Histological changes revealed a more active immune response in opt‐hACE2 mice. Lung tissues of hACE2 mice from different mouse models challenged by SARS‐CoV‐2 at 3 days postinfection were stained with H&E. Lesions are not observed in uninfected mice (A–B, E–F, I–J). In lungs of infected hACE2‐WPRE and hACE2/β‐globin mice, staining with H&E shows thickened alveolar walls and pulmonary hemorrhage (yellow arrows) along with mild inflammatory cell infiltration (C–D, G–H).

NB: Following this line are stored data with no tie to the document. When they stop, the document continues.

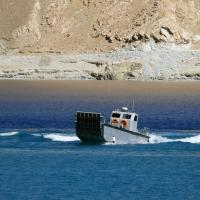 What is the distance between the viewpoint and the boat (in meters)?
68.2

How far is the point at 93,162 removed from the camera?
203ft

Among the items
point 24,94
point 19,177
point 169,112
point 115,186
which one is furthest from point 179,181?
point 24,94

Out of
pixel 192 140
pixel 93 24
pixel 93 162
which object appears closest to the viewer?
pixel 93 162

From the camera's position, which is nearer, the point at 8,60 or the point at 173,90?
the point at 173,90

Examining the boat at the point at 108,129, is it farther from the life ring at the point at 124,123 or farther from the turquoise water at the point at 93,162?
the turquoise water at the point at 93,162

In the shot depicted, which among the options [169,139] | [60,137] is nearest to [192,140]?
[169,139]

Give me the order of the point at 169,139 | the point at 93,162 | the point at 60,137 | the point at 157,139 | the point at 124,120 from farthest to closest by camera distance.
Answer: the point at 60,137 → the point at 169,139 → the point at 157,139 → the point at 124,120 → the point at 93,162

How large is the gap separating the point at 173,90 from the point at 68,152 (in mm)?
74099

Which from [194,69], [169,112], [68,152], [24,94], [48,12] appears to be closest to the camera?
[68,152]

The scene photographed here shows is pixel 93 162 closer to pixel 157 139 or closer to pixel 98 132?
pixel 98 132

In opt‐hACE2 mice, lung tissues show thickened alveolar walls, mild pulmonary hemorrhage, and more severe inflammatory cell infiltration after rival infection. Red arrows, thickened alveolar walls with immune cell infiltration; yellow arrows, hemorrhage; green arrows, vascular leakage. Black scale bar = 200 μm, and green scale bar = 50 μm. (M) Quantitative scoring of pathology of lung tissues from mock and infected hACE2‐WPRE (3 vs 3), hACE2/β‐globin (2 vs 4), and opt‐hACE2 (3 vs 2) mice. Error bars indicate the standard error of mean.